Microsoft's business model is built around the direct commercialization of software, so we want to find a balance between providing source-code access while at the same time maintaining our business model. How would an interested developer go about viewing code under the Shared Source Initiative?
A Web services professional is going to be interested in ASP.NET, for example, as well as potentially embedded device technology. The CE operating system is available for them, as well as a number of ASP.NET and .NET framework components for embedded devices. Have any legal disputes yet arisen from this program?
No, absolutely not. On the other side of that, we've had a great deal of positive feedback from customers.

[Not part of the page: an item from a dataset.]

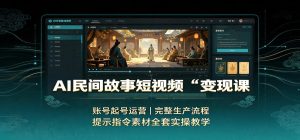 AI民间故事短视频实操教程：起号运营到发布全流程拆解（哈）- 哈蒙副业社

We've had customers with concerns about the integration of their custom applications with Windows who have ended up working through not only their own development concerns, but also doing security audits on components such as the encrypted file system. They have then been able to do much greater deployments based on the confidence they had in the system. Transparency equals trust, in a lot of ways. A lot of folks will never look at the source code, but having it makes them feel more confident about the system. Critics say that developers who view this code are putting themselves at risk of being sued by Microsoft. How do you respond?
I think that people very often overstate this issue. We're committed to working with the developer community on this. We wouldn't be willing to make that move if our only desire was litigation. Fundamentally, everybody who deals with software has to be aware of copyright law and issues around derivatives, and those issues are the same no matter whether you're using an open-source license, a public domain license, a shareware license or a commercial license. How has the open-source community responded to the Shared Source Initiative?
Overall, the reception is very positive. We've been doing this for about the past two and a half years. We've participated in the past three OSCON conferences, and I've been to 30 or 40 open-source conferences all over the world. At first, I suppose there was a good deal of skepticism, but we now have over 500,000 developers involved in the shared-source program. We're getting very positive feedback from people who have the source [code] and are actively using it. How exactly does the Shared Source Initiative work with ASP.NET?
With ASP.NET, you have about 30 megabytes of source code -- that is a series of applications that demonstrate how to build commercial quality applications on ASP.NET. Source code is available so that someone can pull them apart and understand how they're built. Again, the license is very similar to open-source licenses. You can see the code, you can modify the code, you can redistribute the code and you can even sell the code commercially without paying Microsoft a license fee. It's very similar to the BSD-style open-source license.